Now today, Draghi is dropping hints that the ECB may be willing to do more if a deal for fiscal union is worked out. If there is an announcement December 9th that a deal on fiscal union has been struck (not a done deal by any stretch), I would expect the ECB to be buying peripheral debt in large quantities by December 10th. So, the question for us as investors is a simple one: assuming all this happens as I’ve laid out, how do we take advantage of it? What do we buy before December 9th?

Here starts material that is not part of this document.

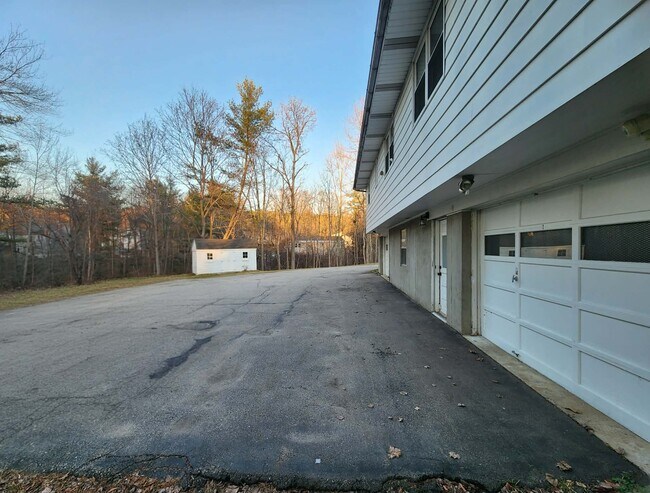 Building Photo - Unit 65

My first thought is the obvious one – buy gold. But that presents some problems. If the ECB engages in massive QE – and I think it would have to be massive to be effective – what will the Euro do? US adventures in QE have pushed the dollar lower but the Euro rallied yesterday on the cut in the swap rate. Tighter fiscal policy and easier monetary policy might be viewed as a positive for Europe. Even if we knew the Euro was going to fall how would gold priced in dollars react? Gold might rise in Euro terms and fall in dollar terms.

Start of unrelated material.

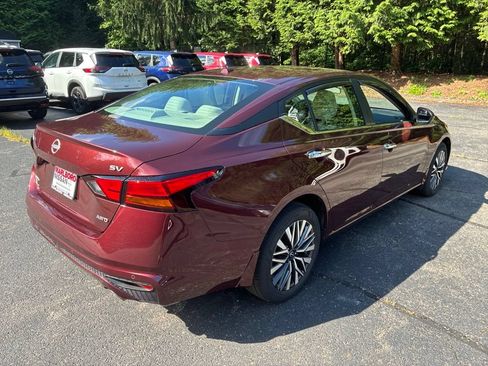 Certified 2024 Nissan Altima 2.5 SV w/ SV Premium Package AWD/4WD image 7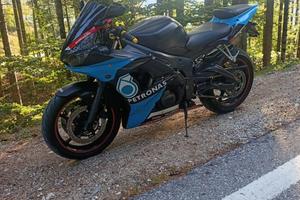 YAMAHA R6 iniezione del 2005 con vespa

Second thought is to buy European stocks and European bank stocks specifically. The banks would theoretically have the opportunity to offload a lot of their peripheral bonds onto the ECB balance sheet at better prices. That is an obvious positive. But European banks face other headwinds. The new capital requirements might still mean more capital raises for some of them which would probably be dilutive for current shareholders. I think the former would outweigh the latter though.
Another thought is to buy a general commodity index ETF such as GSG. It is already setting up an interesting chart pattern and with easing in the emerging markets + easing in Europe, there might be considerable upside to oil and other commodity prices. Here’s the chart:
That’s about as well defined an inverted head and shoulders pattern as I’ve seen in a long time. A break above 35 would complete the pattern and be pretty bullish.
Another idea would be to buy emerging market stocks since China’s largest trading partner is Europe. Better economic conditions in Europe should be positive for China and therefore emerging markets in general.
Finally, of course, one could just buy US stocks which have been tethered to the whims of European politicians since late August.
So, what, if anything, should we do in advance of the December 9th announcement? There is the possibility – some would say probability – that no fiscal union deal is done by then. The aggressive move is to position ahead of the announcement. The conservative move is to wait and see. What say you Alhambra followers?





Joseph A. Gomez
December 1, 2011 at 5:07 pmWe are facing slowdowns in Europe, China and the U.S. is not necessarily roaring, yet oil is stubbornly holding $100/barrel. If calamity is averted in Europe, I think oil is poised to go higher, a lot higher.
Another attractive option, long-term is gold. It acted very well during QE and QEII. The weekly chart for gold looks strong.
I
Douglas R Terry
December 1, 2011 at 5:12 pmFor me, the probabilities lie with no fiscal union on Dec 9. The issue is extremely complicated and not likely to be entered into lightly. More likely are fiscal budgeting constraints. This seems to be a minimum requirement for additional ECB involvement in the form of bond buying.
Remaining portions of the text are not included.